I can’t find my belt. Which sucks because these shorts I’m wearing no longer fit me. I lost another pound these past three weeks. I’m annoyed because that was my pound, from food I ate, and I want it back, dammit! I’m also missing like, all my jeans. I go jean shopping once every three years, and they last me that whole time and I know it’s not time yet because the election hasn’t happened. This means I’m ether going to have to tear apart the house looking for what I’ve misplaced, or go to the store before I’m scheduled to get more pants and another belt belt. Both of which sound like terrible options.
Because I don’t want a new belt. And I don’t want new pants. I like the ones I have and I know they are around here somewhere. Isn’t that the worst feeling when you know, you just KNOW, that they’re around here. Buried in a drawer or in clothes that are long past due for a folding.
I haven’t taken them off any where. I don’t think. Especially Jaimie's reading this. That would be awkward. The problem is, Jaimie and I have washed and put away a bunch of clothes and I bet these were mixed in with something they weren’t supposed to be mixed in with. A sweater, or a pair of ski pants I haven’t worn in a decade.
The problem is these things are somewhere. That’s the thing. Everything that is lost is only lost to us. They are occupying space. We just give up looking too soon because buying a new thing is easier. Look and find or splurge and spend on something new.
Sometimes we don’t lose things. Sometimes they just wear out. Stop working. That’s what happened at the doctor yesterday. My oncologist has determined that the medicine I’m on has stopped working. It’s annoying, but not the end of the world. This was about how long we expected this particular one to work. We looked at a list of other drugs, about ten or names, and then we then did a blood biopsy, the same one I did nine months ago, to see where things are at now.
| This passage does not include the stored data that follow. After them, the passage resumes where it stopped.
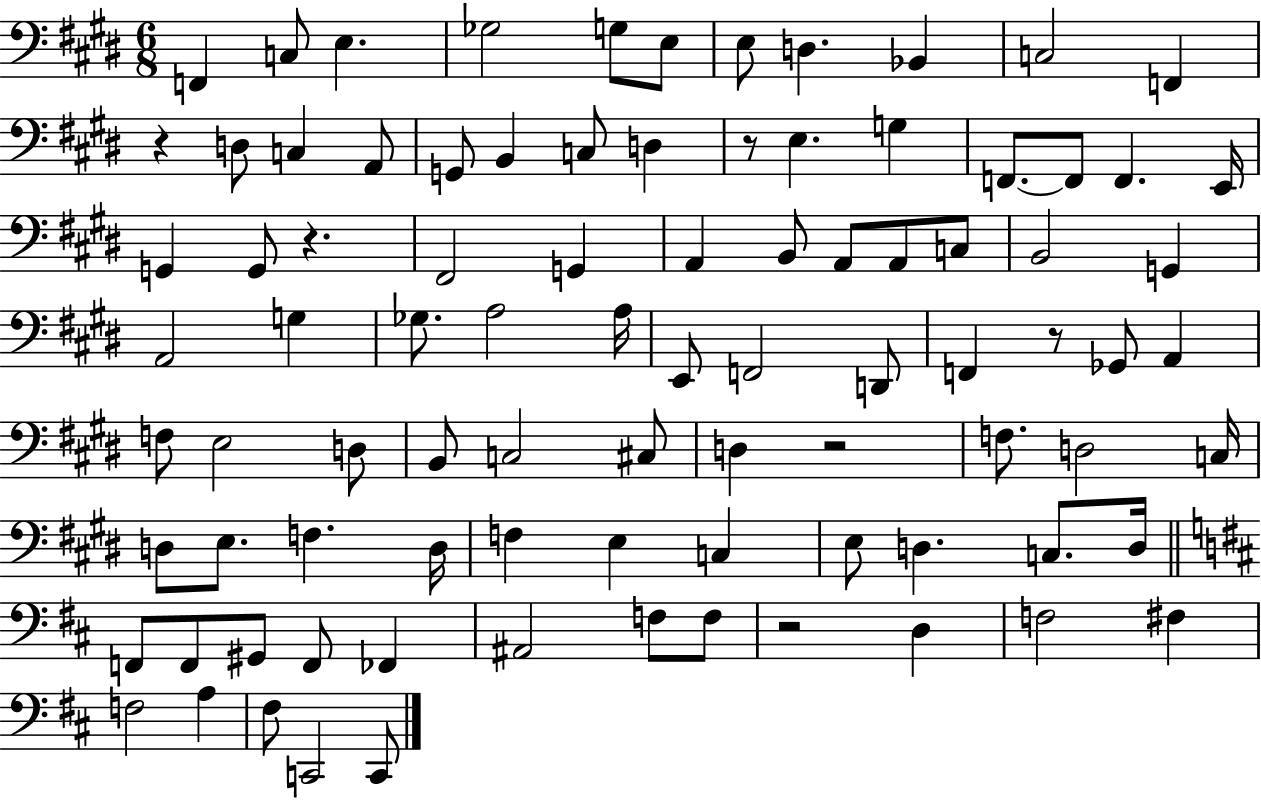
{
  \clef bass
  \numericTimeSignature
  \time 6/8
  \key e \major
  f,4 c8 e4. | ges2 g8 e8 | e8 d4. bes,4 | c2 f,4 | \break r4 d8 c4 a,8 | g,8 b,4 c8 d4 | r8 e4. g4 | f,8.~~ f,8 f,4. e,16 | \break g,4 g,8 r4. | fis,2 g,4 | a,4 b,8 a,8 a,8 c8 | b,2 g,4 | \break a,2 g4 | ges8. a2 a16 | e,8 f,2 d,8 | f,4 r8 ges,8 a,4 | \break f8 e2 d8 | b,8 c2 cis8 | d4 r2 | f8. d2 c16 | \break d8 e8. f4. d16 | f4 e4 c4 | e8 d4. c8. d16 | \bar "||" \break \key d \major f,8 f,8 gis,8 f,8 fes,4 | ais,2 f8 f8 | r2 d4 | f2 fis4 | \break f2 a4 | fis8 c,2 c,8 | \bar "|."
}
Then he will look at the list of drugs and figure out which ones to deploy.
There is no doubt that this round of treatment improved me. In October, when I started, I literally could barely breathe. I’m not exaggerating. I did a blog reading the night before I started the trial, and I coughed so bad afterwards that all I could do was hunch over in the seat of Jaimie’s car. Then by round 3 and 4—I was performing Every Brilliant Thing. Round 8 or 9, I was doing Stages in Iowa and breathing like I hadn’t in almost two years. Even now, writing this, the day after having my lung drained of fluid, I’m taking deep, almost full breathes, without coughing or wheezing.
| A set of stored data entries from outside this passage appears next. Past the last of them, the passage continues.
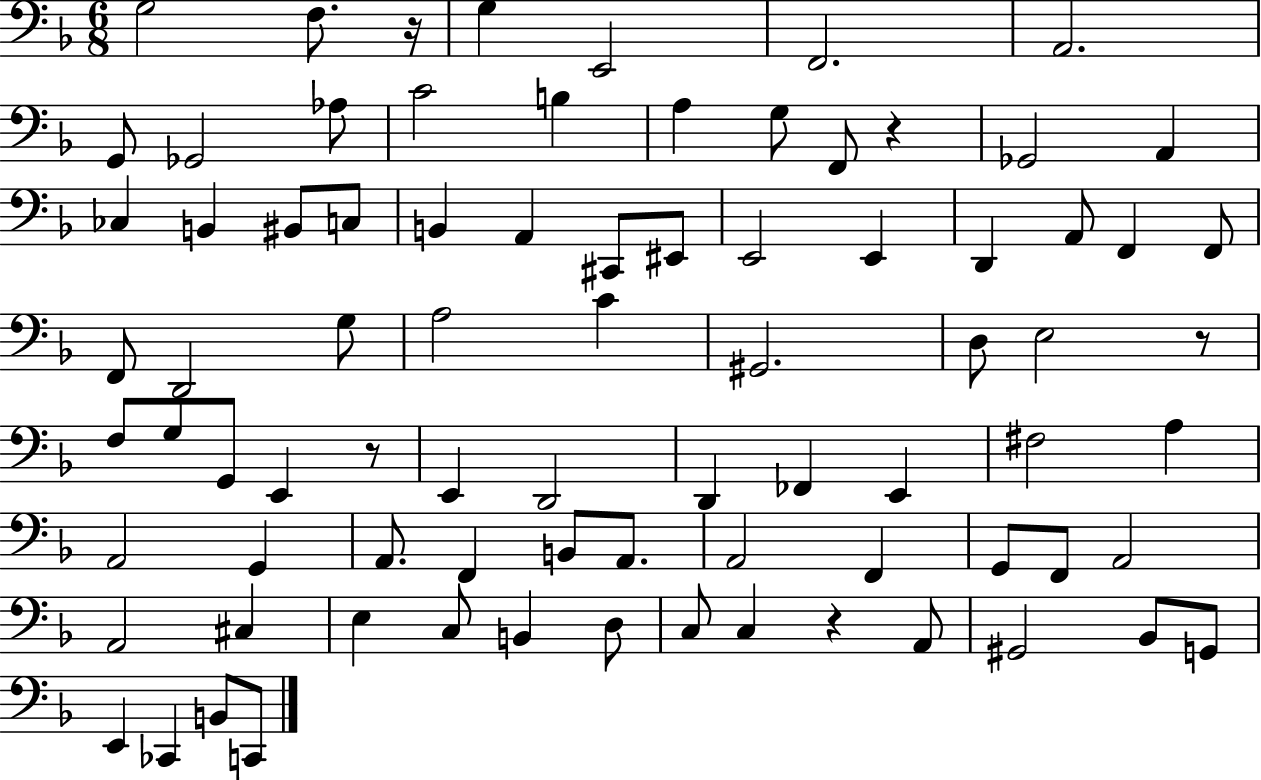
X:1
T:Untitled
M:6/8
L:1/4
K:F
G,2 F,/2 z/4 G, E,,2 F,,2 A,,2 G,,/2 _G,,2 _A,/2 C2 B, A, G,/2 F,,/2 z _G,,2 A,, _C, B,, ^B,,/2 C,/2 B,, A,, ^C,,/2 ^E,,/2 E,,2 E,, D,, A,,/2 F,, F,,/2 F,,/2 D,,2 G,/2 A,2 C ^G,,2 D,/2 E,2 z/2 F,/2 G,/2 G,,/2 E,, z/2 E,, D,,2 D,, _F,, E,, ^F,2 A, A,,2 G,, A,,/2 F,, B,,/2 A,,/2 A,,2 F,, G,,/2 F,,/2 A,,2 A,,2 ^C, E, C,/2 B,, D,/2 C,/2 C, z A,,/2 ^G,,2 _B,,/2 G,,/2 E,, _C,, B,,/2 C,,/2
The problem is, I knew this treatment. Like I knew my pants, and my belt. It was easy. Super. Easy. Like my belt, actually, it fit just right and there were no problems at all. The only hard thing about this medicine was driving to Atlanta. Which, based on how my hips feel, is a pretty big deal. But there was no nausea or fatigue. It was short too. It only took 30 minutes. Yeah, I’ll definitely miss that.
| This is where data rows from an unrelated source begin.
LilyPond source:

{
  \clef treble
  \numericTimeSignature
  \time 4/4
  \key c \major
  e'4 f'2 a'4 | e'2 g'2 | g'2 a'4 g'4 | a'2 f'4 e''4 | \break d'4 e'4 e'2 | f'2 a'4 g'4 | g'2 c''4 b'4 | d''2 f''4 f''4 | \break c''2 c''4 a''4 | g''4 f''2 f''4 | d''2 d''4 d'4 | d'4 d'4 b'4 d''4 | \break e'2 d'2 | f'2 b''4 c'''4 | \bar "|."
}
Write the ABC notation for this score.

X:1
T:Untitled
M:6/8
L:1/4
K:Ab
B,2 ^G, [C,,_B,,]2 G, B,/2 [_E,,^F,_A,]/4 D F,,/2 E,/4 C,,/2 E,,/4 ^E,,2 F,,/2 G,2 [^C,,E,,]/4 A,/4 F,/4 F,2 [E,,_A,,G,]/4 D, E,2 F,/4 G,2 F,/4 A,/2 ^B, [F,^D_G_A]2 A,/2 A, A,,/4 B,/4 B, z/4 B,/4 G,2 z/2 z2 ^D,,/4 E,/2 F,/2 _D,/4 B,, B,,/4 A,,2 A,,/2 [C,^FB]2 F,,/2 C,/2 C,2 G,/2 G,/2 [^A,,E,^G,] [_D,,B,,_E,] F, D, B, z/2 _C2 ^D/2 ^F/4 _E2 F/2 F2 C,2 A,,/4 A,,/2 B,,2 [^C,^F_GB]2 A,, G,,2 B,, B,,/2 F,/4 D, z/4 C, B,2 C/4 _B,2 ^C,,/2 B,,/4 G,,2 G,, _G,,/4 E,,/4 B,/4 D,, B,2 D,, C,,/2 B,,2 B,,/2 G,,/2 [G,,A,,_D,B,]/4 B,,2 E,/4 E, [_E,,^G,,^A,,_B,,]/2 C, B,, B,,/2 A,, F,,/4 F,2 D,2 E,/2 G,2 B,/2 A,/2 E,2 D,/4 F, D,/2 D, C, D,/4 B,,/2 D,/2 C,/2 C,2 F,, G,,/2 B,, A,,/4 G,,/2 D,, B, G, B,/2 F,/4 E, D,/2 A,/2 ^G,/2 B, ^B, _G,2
So my oncologist has just got to go back to the store. He’s got to see what the new normal is and figure out which drugs are the best. It wasn’t the news we wanted, but he reminded us that what we want is the right combination. In a way this is good. We can’t waste more time with this that doesn’t work. Because this isn’t a belt. These aren’t Levi’s.We can’t keep retracing our steps. I’m thankful for the time this medicine got me. And I’m looking forward to the next combination that will give me even more.